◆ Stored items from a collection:
★ ★ ★ ★ ★

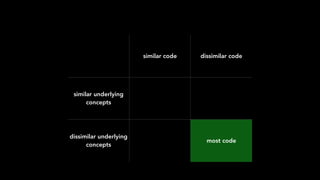 similar code dissimilar code
similar underlying
concepts
dissimilar underlying
concepts
most code
 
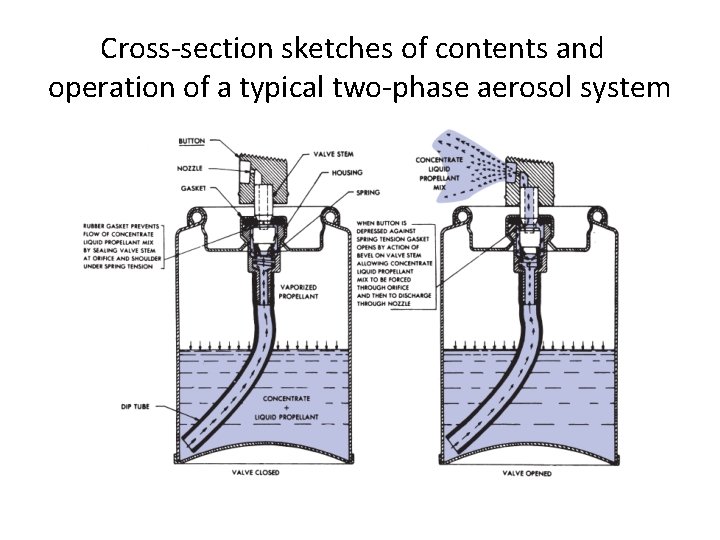 Cross-section sketches of contents and operation of a typical two-phase aerosol system 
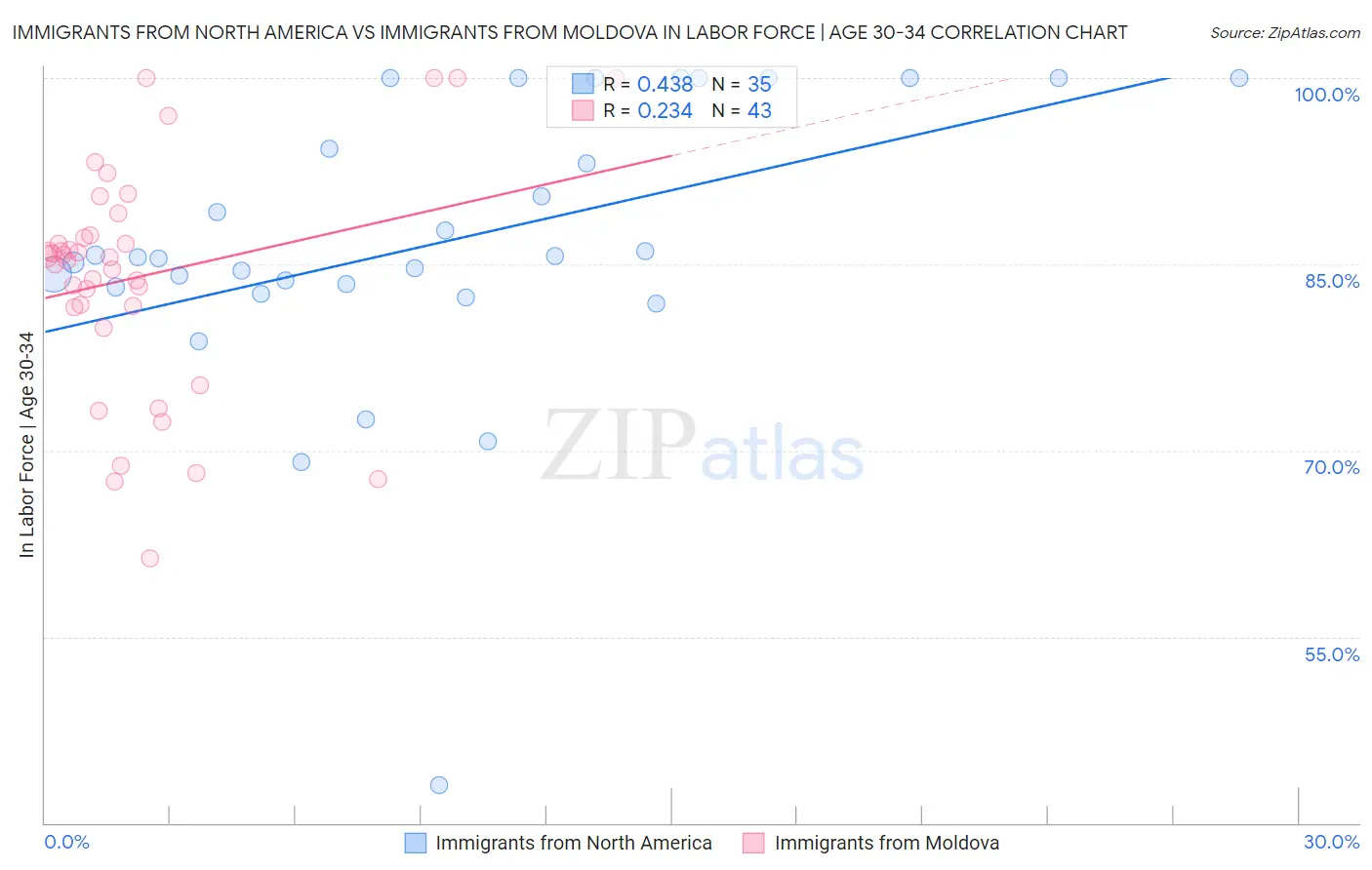 Immigrants from North America vs Immigrants from Moldova In Labor Force | Age 30-34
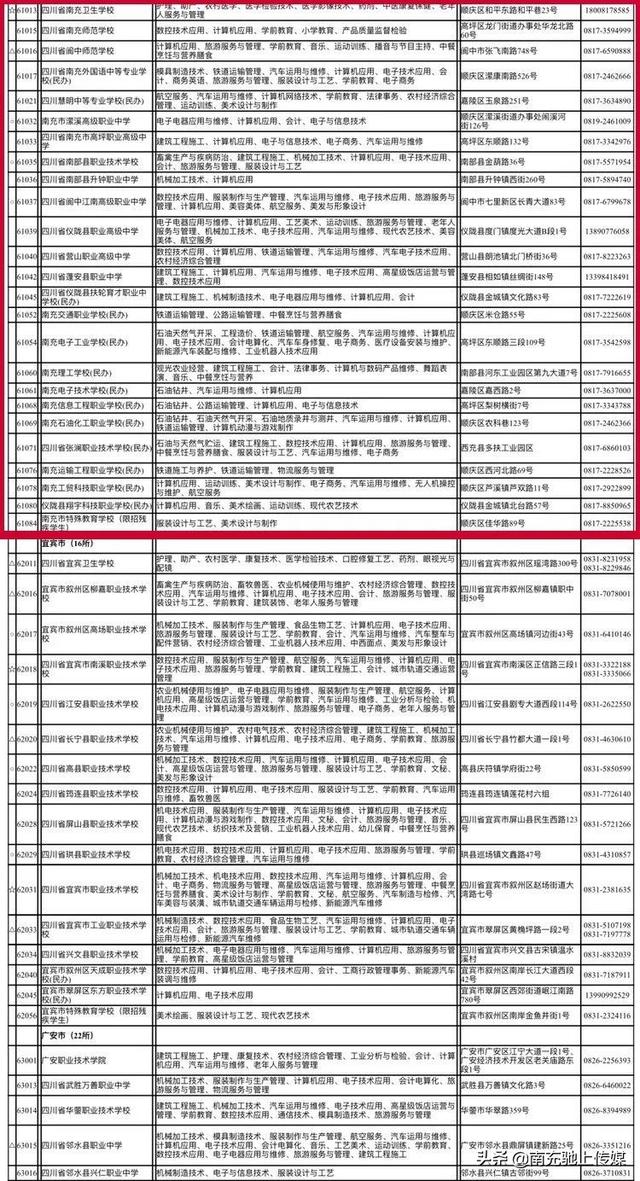 南充有哪些中職學校(南充大專學校有哪些)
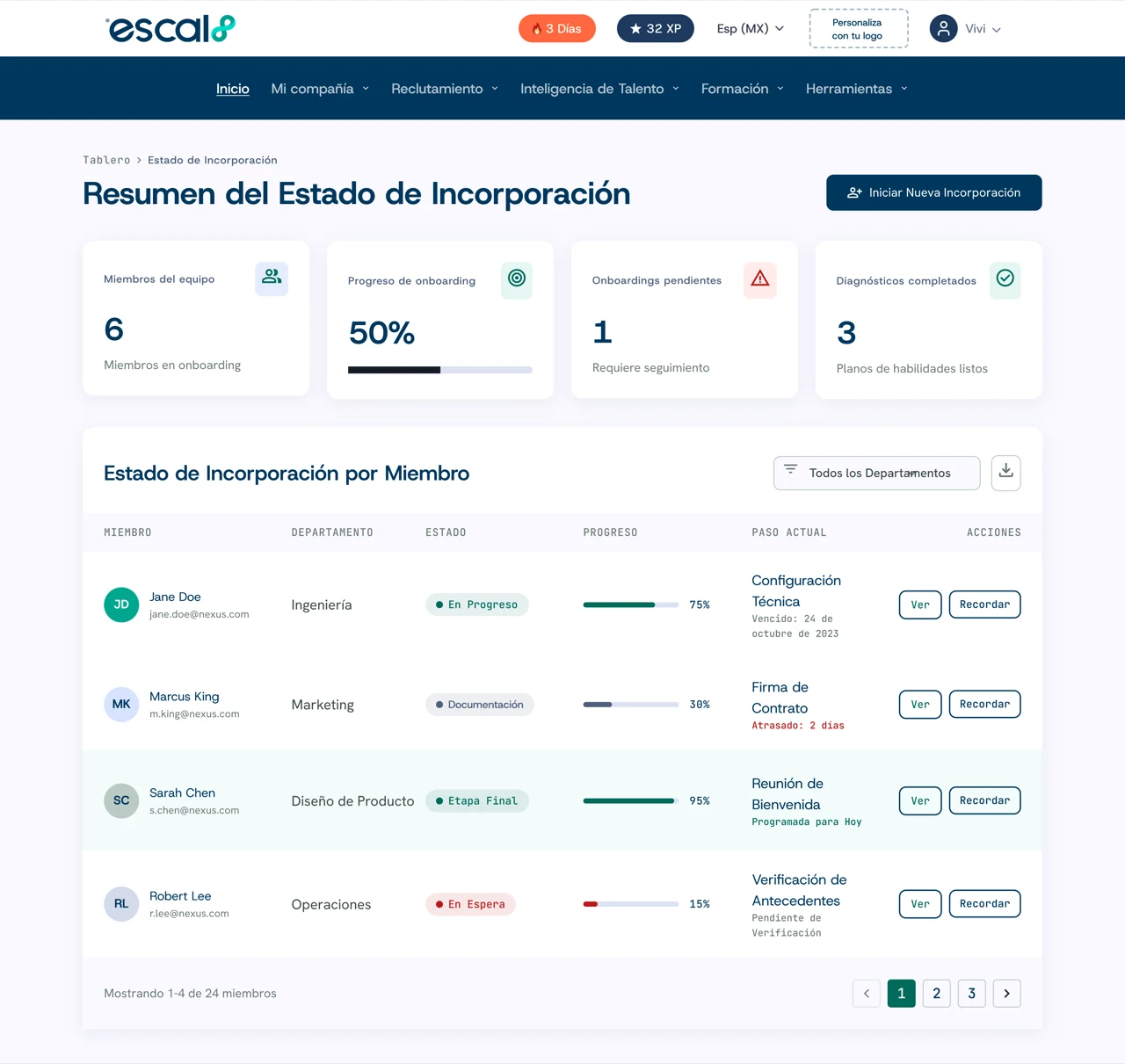 Estado de onboarding por colaborador, con progreso y paso actual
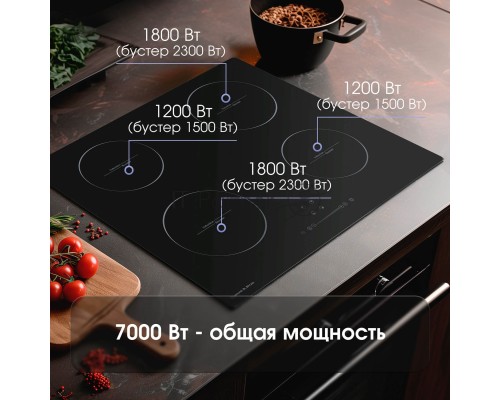 Варочная панель Zigmund & Shtain CI 35.6 B черный Варочная панель Zigmund & Shtain CI 35.6 B черный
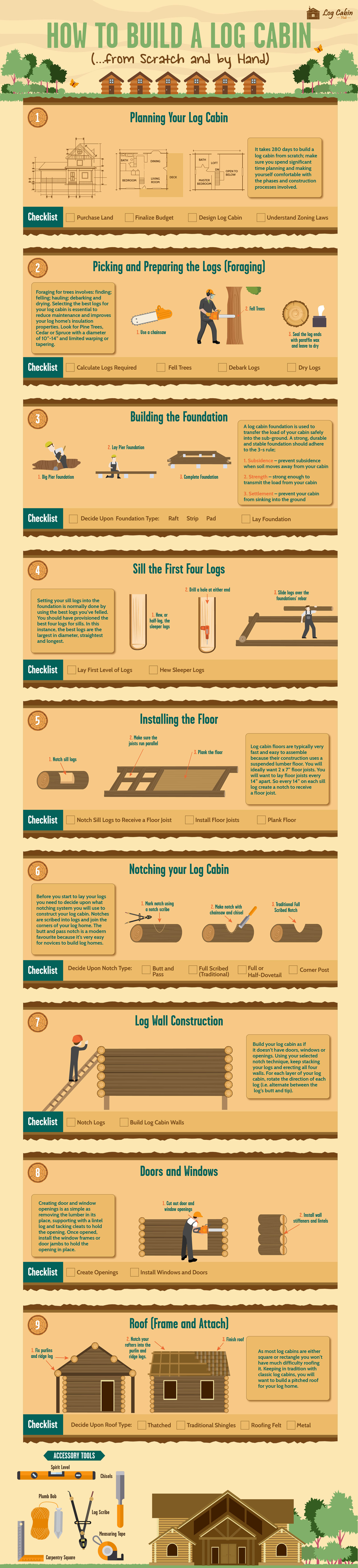 How to Build a Log Cabin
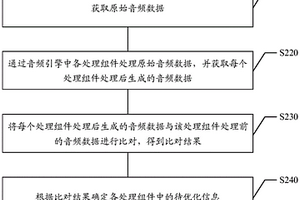 音頻處理的性能檢測方法、裝置、存儲介質及電子設備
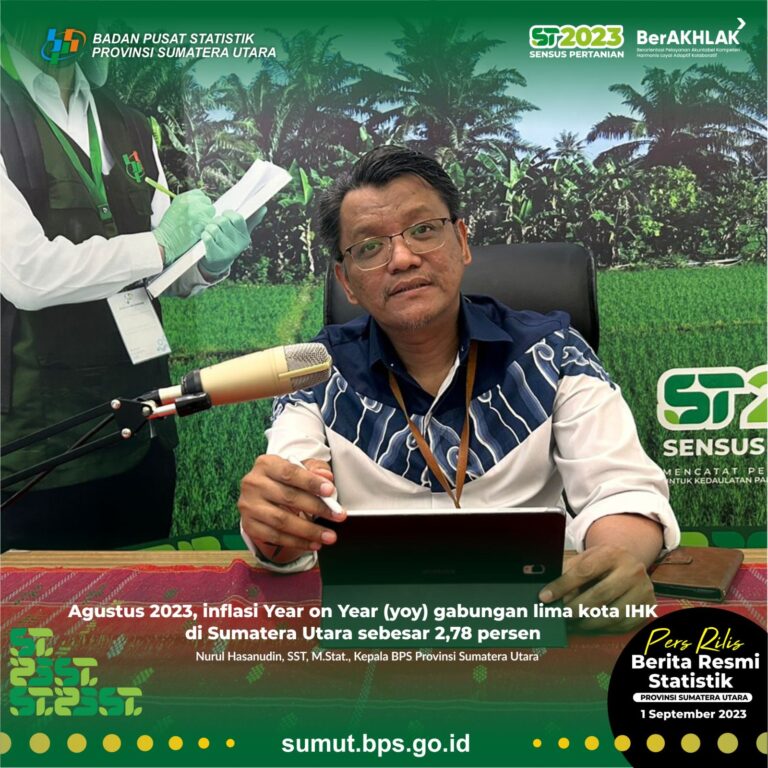 Agustus 2023, Sumut Deflasi 0,07%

★ ★ ★ ★ ★

◆ What the task requires:
All that should be returned is the run of lines from the start of the entries above to the line bearing "音頻處理的性能檢測方法、裝置、存儲介質及電子設備", each exact, with pictures omitted.

◆ Worked solution:
 similar code dissimilar code
similar underlying
concepts
dissimilar underlying
concepts
most code
 
 Cross-section sketches of contents and operation of a typical two-phase aerosol system 
 Immigrants from North America vs Immigrants from Moldova In Labor Force | Age 30-34
 南充有哪些中職學校(南充大專學校有哪些)
 Estado de onboarding por colaborador, con progreso y paso actual
 Варочная панель Zigmund & Shtain CI 35.6 B черный Варочная панель Zigmund & Shtain CI 35.6 B черный
 How to Build a Log Cabin
 音頻處理的性能檢測方法、裝置、存儲介質及電子設備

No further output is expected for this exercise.